## Available data:
---+---

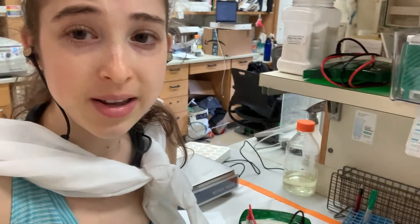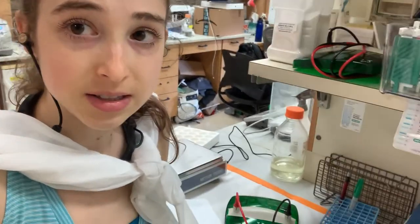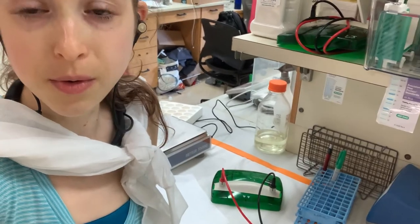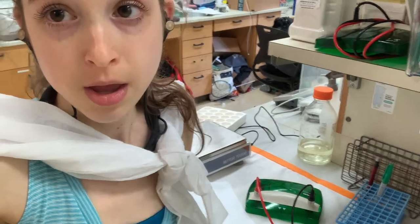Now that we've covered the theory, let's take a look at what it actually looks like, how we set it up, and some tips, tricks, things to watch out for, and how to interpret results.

---+---

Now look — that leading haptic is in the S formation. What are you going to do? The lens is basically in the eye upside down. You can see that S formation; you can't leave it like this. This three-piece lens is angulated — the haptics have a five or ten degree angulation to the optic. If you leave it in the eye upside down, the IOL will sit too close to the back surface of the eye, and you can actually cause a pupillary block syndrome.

---+---

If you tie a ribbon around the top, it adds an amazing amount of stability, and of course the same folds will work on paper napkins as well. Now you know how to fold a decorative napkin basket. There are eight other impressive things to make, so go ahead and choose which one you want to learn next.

---+---

## Description of the task:
Show, from the listing above, every line holding the word "will".

## Output for this task:
Now look — that leading haptic is in the S formation. What are you going to do? The lens is basically in the eye upside down. You can see that S formation; you can't leave it like this. This three-piece lens is angulated — the haptics have a five or ten degree angulation to the optic. If you leave it in the eye upside down, the IOL will sit too close to the back surface of the eye, and you can actually cause a pupillary block syndrome.
If you tie a ribbon around the top, it adds an amazing amount of stability, and of course the same folds will work on paper napkins as well. Now you know how to fold a decorative napkin basket. There are eight other impressive things to make, so go ahead and choose which one you want to learn next.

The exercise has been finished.